The rolling box is good if you just have to haul your trash to a certain spot, if it's outdoors, or if you want to lock it when you're not there.


----------



## zac (May 11, 2009)

You should look into the rigid stackable units. 

Sent from my SM-G930T using Tapatalk


----------



## splatz (May 23, 2015)

This contraption 










http://www.homedepot.com/p/Werner-4...Scaffold-500-lb-Load-Capacity-PS-48/100658408

Makes a good fold up shelf you can pack in the van. I load this thing up with bins and toolboxes for bigger jobs.


----------



## 99cents (Aug 20, 2012)

Seriously, a wheelbarrow with a pneumatic tire would be better than a cheap Chinese rolling tool box.


----------



## foothillselectrical (Mar 17, 2013)

splatz said:


> This contraption
> 
> 
> 
> ...


I actually have one of those and thought about it. I used it when installing long runs. I could hang my bender on there, stack my tools on there, haul materials, etc etc. Really like it and the Rubbermaid cart. Some great ideas here.


----------



## 99cents (Aug 20, 2012)

Since when is a scaffold on the employee tool list?


----------



## Flyingsod (Jul 11, 2013)

I second the scaffolding. It's what I use. It folds up flat to not take up stupid amounts of space when not in use. I modified mine to have a railing so nothing rolls off when pushing it on rough terrain. I also made a shelf to go on the lower rungs. It will carry all the tools you need plus your precious lunch bucket ;-)

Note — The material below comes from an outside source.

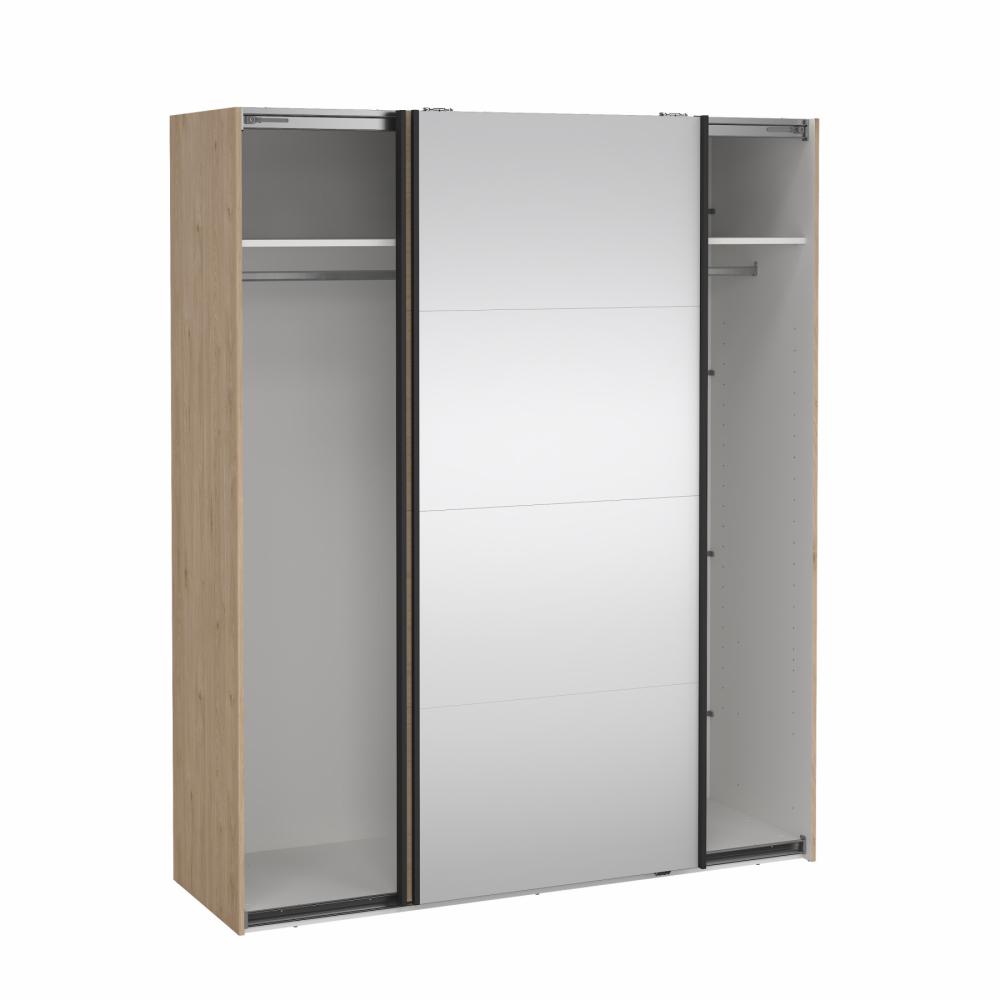 Bergamo Sliding Robe - 1 Mirrored Door + 1 Plain Door - Jackson Hickory 180cm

The awesome bonus is of course you can legally stand on it even in the fascist safety regimes you will surely be encountering.

Plus it's a nice break bench.

I had carts and rolling tool boxes. I tried a dolly. Nothing beats the folding scaffold.

Gl to ya whatever you go with.

Sent from my C6725 using Tapatalk


----------



## foothillselectrical (Mar 17, 2013)

I lost part of that post. The only problem I have with the scaffold is it doesn't have a lip to hold stuff on there. If I was on a uneven or cracked surface, then it would bounce and vibrate so bad stuff would fall all over the place, and like most electricians I have anger management issues, lol.


----------



## HackWork (Oct 2, 2009)

splatz said:


> If you can roll a cart off easily that's got to be the way to go. I bought this cart in a pinch a while back


I have the narrow version and use it all the time. But I really should have gotten the larger pneumatic wheels.


----------



## foothillselectrical (Mar 17, 2013)

Flyingsod said:


> I second the scaffolding. It's what I use. It folds up flat to not take up stupid amounts of space when not in use. I modified mine to have a railing so nothing rolls off when pushing it on rough terrain. I also made a shelf to go on the lower rungs. It will carry all the tools you need plus your precious lunch bucket ;-)
> 
> The awesome bonus is of course you can legally stand on it even in the fascist safety regimes you will surely be encountering.
> 
> ...


I'd like to see a pic of those mods if you don't mind sir.


----------



## 99cents (Aug 20, 2012)

foothillselectrical said:


> I lost part of that post. The only problem I have with the scaffold is it doesn't have a lip to hold stuff on there. If I was on a uneven or cracked surface, then it would bounce and vibrate so bad stuff would fall all over the place, and like most electricians I have anger management issues, lol.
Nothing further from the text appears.